“Our intention is for the defendants to have due process in an American court of law.”
WASHINGTON, D.C. – The U.S. said Monday it expects five Chinese officers to stand trial in U.S. courts following indictments relating to cyber espionage crimes, even as China has called the indictments “ungrounded.”
The alleged hacking was for the benefit of state-owned companies in China “at the expense of businesses here in the United States,” said Eric Holder, the U.S. Attorney General, when announcing the indictments at a press conference.
The indicted officers are all from Unit 61398 of the Third Department of the Chinese People’s Liberation Army, a unit that has consistently come up in U.S. allegations of Chinese spying. They include Wang Dong, Sun Kailiang, Wen Xinyu, Huang Zhenyu, and Gu Chunhu.
“Our intention is for the defendants to have due process in an American court of law,” said Holder.
The hacked American companies include Alcoa, Allegheny Technologies, SolarWorld, United States Steel and Westinghouse Electric, according to Holder. The United Steelworkers Union was also named as a target.
China has already lashed out at the indictments, calling them “ungrounded.”
“The Chinese government, the Chinese military and their relevant personnel have never engaged or participated in cyber theft of trade secrets,” said Qin Gang, the Chinese Foreign Ministry Spokesperson, in a statement. “The US accusation against Chinese personnel is purely ungrounded with ulterior motives.”
Chinese officials also announced that they will suspend participation in the China-U.S. Cyber Working Group, created just last year as a bilateral forum for Washington and Beijing to tackle hacking allegations.
Such a move is regrettable, according to Jen Psaki, the State Department spokesperson.
“We regret China's decision on the suspension of activities of the working group.

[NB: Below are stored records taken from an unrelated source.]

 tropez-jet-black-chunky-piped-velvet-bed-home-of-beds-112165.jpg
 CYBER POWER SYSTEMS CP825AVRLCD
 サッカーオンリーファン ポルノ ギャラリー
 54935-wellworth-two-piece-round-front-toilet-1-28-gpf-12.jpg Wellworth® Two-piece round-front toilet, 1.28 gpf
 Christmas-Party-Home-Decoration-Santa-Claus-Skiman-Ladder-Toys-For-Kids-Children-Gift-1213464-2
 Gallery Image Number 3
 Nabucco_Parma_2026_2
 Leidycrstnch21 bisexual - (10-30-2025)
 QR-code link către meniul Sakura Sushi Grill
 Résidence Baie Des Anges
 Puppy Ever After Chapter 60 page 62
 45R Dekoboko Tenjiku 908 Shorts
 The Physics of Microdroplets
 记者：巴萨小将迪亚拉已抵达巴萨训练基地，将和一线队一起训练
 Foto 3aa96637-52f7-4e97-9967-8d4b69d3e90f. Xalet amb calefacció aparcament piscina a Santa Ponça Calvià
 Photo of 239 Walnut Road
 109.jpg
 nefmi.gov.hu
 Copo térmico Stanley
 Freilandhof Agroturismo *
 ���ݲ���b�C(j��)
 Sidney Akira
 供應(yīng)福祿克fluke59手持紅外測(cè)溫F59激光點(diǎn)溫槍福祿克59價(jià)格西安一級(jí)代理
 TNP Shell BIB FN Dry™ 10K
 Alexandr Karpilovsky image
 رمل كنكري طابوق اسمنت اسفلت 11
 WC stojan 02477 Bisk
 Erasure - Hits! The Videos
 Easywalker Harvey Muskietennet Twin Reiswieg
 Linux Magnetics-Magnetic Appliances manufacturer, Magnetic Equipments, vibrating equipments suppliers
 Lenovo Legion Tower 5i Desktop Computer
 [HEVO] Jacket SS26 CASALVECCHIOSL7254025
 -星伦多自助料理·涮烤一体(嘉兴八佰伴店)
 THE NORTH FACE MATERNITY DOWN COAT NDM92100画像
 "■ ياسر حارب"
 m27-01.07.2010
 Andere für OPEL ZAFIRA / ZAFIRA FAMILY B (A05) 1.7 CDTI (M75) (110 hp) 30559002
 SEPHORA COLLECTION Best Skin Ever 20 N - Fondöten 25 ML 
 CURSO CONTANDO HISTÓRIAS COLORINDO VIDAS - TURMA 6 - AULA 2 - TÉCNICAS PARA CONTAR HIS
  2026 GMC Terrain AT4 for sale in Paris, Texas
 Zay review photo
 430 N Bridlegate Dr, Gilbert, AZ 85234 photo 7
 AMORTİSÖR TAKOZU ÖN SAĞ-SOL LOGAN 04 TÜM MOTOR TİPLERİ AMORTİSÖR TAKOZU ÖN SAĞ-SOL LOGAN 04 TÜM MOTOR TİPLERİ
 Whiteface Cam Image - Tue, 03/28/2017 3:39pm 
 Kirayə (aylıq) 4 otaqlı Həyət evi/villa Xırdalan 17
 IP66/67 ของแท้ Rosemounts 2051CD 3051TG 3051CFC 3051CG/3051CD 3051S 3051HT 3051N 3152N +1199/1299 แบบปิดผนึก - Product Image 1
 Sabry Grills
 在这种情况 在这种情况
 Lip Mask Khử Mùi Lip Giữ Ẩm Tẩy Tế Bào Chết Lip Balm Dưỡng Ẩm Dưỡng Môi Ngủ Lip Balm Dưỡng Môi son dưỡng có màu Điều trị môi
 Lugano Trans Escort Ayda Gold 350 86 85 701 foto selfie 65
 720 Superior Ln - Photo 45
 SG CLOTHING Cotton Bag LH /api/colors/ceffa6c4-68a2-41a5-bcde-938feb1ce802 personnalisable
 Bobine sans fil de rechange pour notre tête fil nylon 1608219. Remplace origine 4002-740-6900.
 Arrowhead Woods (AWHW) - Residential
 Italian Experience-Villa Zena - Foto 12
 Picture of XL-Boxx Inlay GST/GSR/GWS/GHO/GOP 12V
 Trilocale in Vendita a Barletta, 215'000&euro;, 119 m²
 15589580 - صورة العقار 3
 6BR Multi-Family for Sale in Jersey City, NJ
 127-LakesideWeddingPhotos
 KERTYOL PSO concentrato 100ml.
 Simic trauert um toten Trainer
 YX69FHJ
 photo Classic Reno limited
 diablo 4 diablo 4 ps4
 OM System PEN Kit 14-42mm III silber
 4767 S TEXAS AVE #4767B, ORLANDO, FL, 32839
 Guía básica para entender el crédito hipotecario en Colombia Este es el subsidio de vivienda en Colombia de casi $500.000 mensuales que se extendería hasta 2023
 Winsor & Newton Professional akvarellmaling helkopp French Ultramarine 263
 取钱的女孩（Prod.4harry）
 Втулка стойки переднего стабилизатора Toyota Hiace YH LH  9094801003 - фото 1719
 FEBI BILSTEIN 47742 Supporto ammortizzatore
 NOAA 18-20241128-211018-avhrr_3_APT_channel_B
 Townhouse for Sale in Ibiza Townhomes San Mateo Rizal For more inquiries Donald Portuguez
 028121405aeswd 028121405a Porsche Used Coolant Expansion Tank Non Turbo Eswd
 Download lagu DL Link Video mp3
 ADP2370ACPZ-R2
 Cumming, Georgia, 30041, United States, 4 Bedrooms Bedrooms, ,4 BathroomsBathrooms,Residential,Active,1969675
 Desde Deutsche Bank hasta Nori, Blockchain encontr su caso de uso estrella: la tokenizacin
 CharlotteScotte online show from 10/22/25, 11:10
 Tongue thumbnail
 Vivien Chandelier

We continue to believe that dialogue is an essential part of resolving these and other cyber security concerns,” she said.
Jay Carney, the White House Press Secretary added that the Obama administration expects China’s cooperation on the indictments while speaking to reporters Monday.
Monday’s announcement reflects the growing concern that the behavior that's been identified by China has continued, Carney said.
“We certainly think there is ample opportunity for cooperation and coordination on these issues,” he said.
Carney further denied claims that the U.S.’ espionage activities are done for the benefit of U.S. companies, saying, “I can assure you we do not gather intelligence for the benefit of U.S. companies.”